2021年6月6日(日) 13:45 〜 15:15 Ch.01 (Zoom会場01)

コンビーナ:阿部 なつ江(国立研究開発法人海洋研究開発機構研究プラットフォーム運用開発部門マントル掘削プロモーション室)、堀 利栄(愛媛大学大学院理工学研究科 地球進化学)、座長:堀 利栄(愛媛大学大学院理工学研究科 地球進化学)、新井 真由美(日本科学未来館)、阿部 なつ江(国立研究開発法人海洋研究開発機構研究プラットフォーム運用開発部門マントル掘削プロモーション室)、小口 千明(埼玉大学大学院理工学研究科)

14:05 〜 14:20

[O05-03] 有機合成化学からサンゴ年輪研究、そして政策の世界 ー炭素で繋がる私の旅ー

★招待講演

*中村 修子1,2 (1.笹川平和財団 海洋政策研究所、2.慶應大学)

私は今「海洋政策」という世界を見ています。まわりにはサンゴ礁やマングローブの生態系を知る人、海ガメやクジラにセンサーをつけて生態を探る研究をした人、北極海を観測して来た人、海洋気候学のモデル研究や海中騒音の専門家もいます。自然科学や水産の研究者だけではありません。海洋文化・民族学の先生、海運・船舶・港湾など海事の仕事に携わった人、法学や経済の研究者、国際関係と安全保障の専門家、国連の機関で働いた人もいて、いろいろな話を聞き、まるで異文化交流のよう、とてもユニークな所です。それまで自然科学の中で見てきた海洋が、これほど人間の営みの場であったのかと思い知らされます。そして人間が海を利用するならば、そこにルールが必要なのだと理解します。けれど不思議なことに「海洋政策」の専門家はあまりいません。様々な背景を持つ人が集まって、考えながら構築する分野なのです。以前は政策なんて自分には異次元の話だと思っていたのに、どうしてこの世界を覗くことになったのか . . .

 私がこれまで辿ってきた道を少しご紹介します。その出発は大学で化学を学んだこと。
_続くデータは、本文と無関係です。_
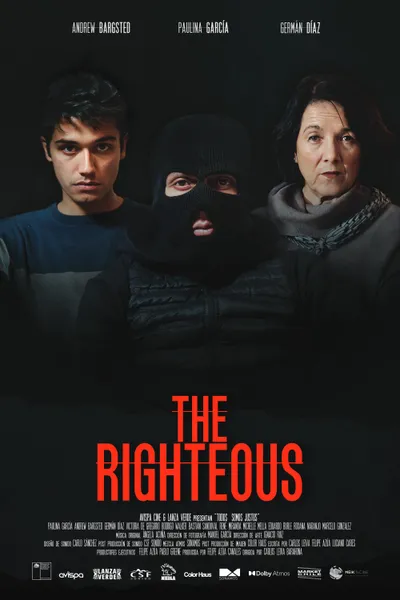 The Righteous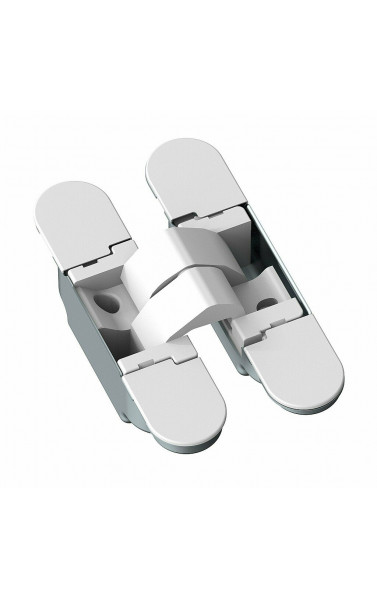 Заказать K1019 3D, цвет: Белый   модель 055-0195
医薬に興味があり有機合成化学を勉強しました。有機試薬・有機溶媒は石油製品です。当時ヘキサンなどの溶媒を大量に使いながら、あとどのくらい石油は掘れるのだろうか?と漠然と考えました。
 次に中学高校で理科を教えた経験。教員免許の「理科」は容赦なく、物理・化学・生物そして地学も受け持つことになります。しかし当時の私は、地学で扱う悠久の時空間スケールに馴染めず、対象を理解し自分の言葉として伝えることは困難でした。以前からフィールド科学に興味を持ち、地球科学の世界に飛び込んでみました。
 そこで出会ったのが、サンゴ礁の科学、サンゴ年輪を使った気候や環境復元の研究です。年輪は目に見える時間軸のものさしです。炭酸カルシウムのサンゴ骨格年輪が、海水温や塩分、河川を通じて陸地から流れてきたもの、人間活動の痕跡・廃棄物まで、時間の情報と共に記録していると知り衝撃を受けました。ケニアのサンゴ年輪からは過去115年間のインド洋の気候モードを復元し、インド洋の海水温の上昇がはっきりと確認できました。海面上昇の危機に瀕する南太平洋ツバルのサンゴ年輪には、1990年代から真っ黒な混入物が見られました。人口増加に伴って生活排水が増加し、サンゴ礁生態系に影響を及ぼしたプロセスを年輪から解明できました。これらの仕事を通して、気候変動・地球温暖化のCO2問題や環境変動を身近に捉えるようになりました。地球科学を見渡し、いつしかその時空間スケールにも慣れ親しみ、46億年の惑星進化の中で自分の立ち位置を見つめるまでになりました。
 そして今、科学のほかに自分が行動できることは . . .  旅は続きます。